MasterCard Pairs with TradeCard in B-B Venture

TradeCard Inc. is teaming up with MasterCard International to beef up the payment and settlement services it offers U.S. business-to-business marketplaces.

The co-branded venture, announced Wednesday, will let companies that are plugged into participating marketplaces pay for purchases using MasterCard purchase cards or through an arrangement TradeCard has with Thomas Cook. Tracking of transaction settlements will occur through TradeCard's patented system.

Kurt Cavano, chairman of New York-based TradeCard, said, "We are taking the best of TradeCard's proven settlement and workflow technology and combining it with the existing purchase card brand and reach of MasterCard to produce a joint product that any company with any bank on any business-to-business exchange can use to settle a transaction."

The venture has yet to hook up with any marketplaces, but Mr. Cavano said the company is in negotiations with several, including Ventro Corp., a Mountain View, Calif., provider of business-to-business marketplaces for the science and medical industries. TradeCard and MasterCard will pilot the offering in the fourth quarter and formally introduce it in early 2001.

"For the first time our corporate customers will be able to conduct both domestic and international, large and small transactions to conduct true crossborder trading," said Steve Abrams, senior vice president of corporate payment solutions for MasterCard International.
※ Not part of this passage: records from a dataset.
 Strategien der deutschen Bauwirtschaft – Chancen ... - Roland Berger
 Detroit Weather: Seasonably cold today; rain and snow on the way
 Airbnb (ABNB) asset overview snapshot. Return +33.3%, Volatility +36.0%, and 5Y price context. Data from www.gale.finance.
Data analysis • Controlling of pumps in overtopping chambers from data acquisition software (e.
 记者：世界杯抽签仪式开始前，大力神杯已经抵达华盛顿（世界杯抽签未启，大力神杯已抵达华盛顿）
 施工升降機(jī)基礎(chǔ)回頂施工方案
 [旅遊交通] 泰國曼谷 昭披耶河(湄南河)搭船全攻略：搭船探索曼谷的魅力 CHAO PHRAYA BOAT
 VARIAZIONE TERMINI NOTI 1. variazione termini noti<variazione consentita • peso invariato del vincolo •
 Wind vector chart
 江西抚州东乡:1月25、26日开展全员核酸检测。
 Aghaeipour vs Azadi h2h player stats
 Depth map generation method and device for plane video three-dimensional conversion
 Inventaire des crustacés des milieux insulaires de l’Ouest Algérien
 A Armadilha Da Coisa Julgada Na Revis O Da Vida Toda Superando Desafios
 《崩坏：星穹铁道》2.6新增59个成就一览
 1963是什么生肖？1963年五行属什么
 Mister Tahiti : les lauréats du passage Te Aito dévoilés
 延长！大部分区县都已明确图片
The service will be marketed to MasterCard's purchasing card customers, which Mr. Abrams says make up 40% of the Fortune 500, as well as to business-to-business marketplaces and TradeCard's customers.

TradeCard and MasterCard are open to adding other payment providers and aim to link their technology to as many marketplaces as possible. "We want to get corporate customers to get on marketplaces and tell them they should have this solution," said Mr. Cavano.

The new venture joins a growing number of alliances seeking to fill a glaring void in emerging business-to-business marketplaces: the lack of electronic payment capabilities.

Wells Fargo & Co. and Citigroup Inc., for example, have teamed with three software companies to form FinancialSettlementMatrix.com, which will offer payment processing, letters of credit, global settlements, foreign exchange, and payments to business-to-business marketplaces' customers.

ABN Amro, Bank of America, FleetBoston Financial, U.S. Bancorp, BankServ, and American Express have allied with Ariba Inc. to let customers settle marketplace payment transactions with their banks.

TradeCard is building on an Internet letter of credit processing service it has sold so far to FleetBoston Financial, Comerica Bank, and several Asian banks.

"International trading capabilities are their core competency, and many marketplaces are looking to broaden into the international market," said Avivah Litan a research director at GartnerGroup.

Mr. Cavano said, "We did the hard stuff first and now we have the technology that supports large-dollar international and domestic trades."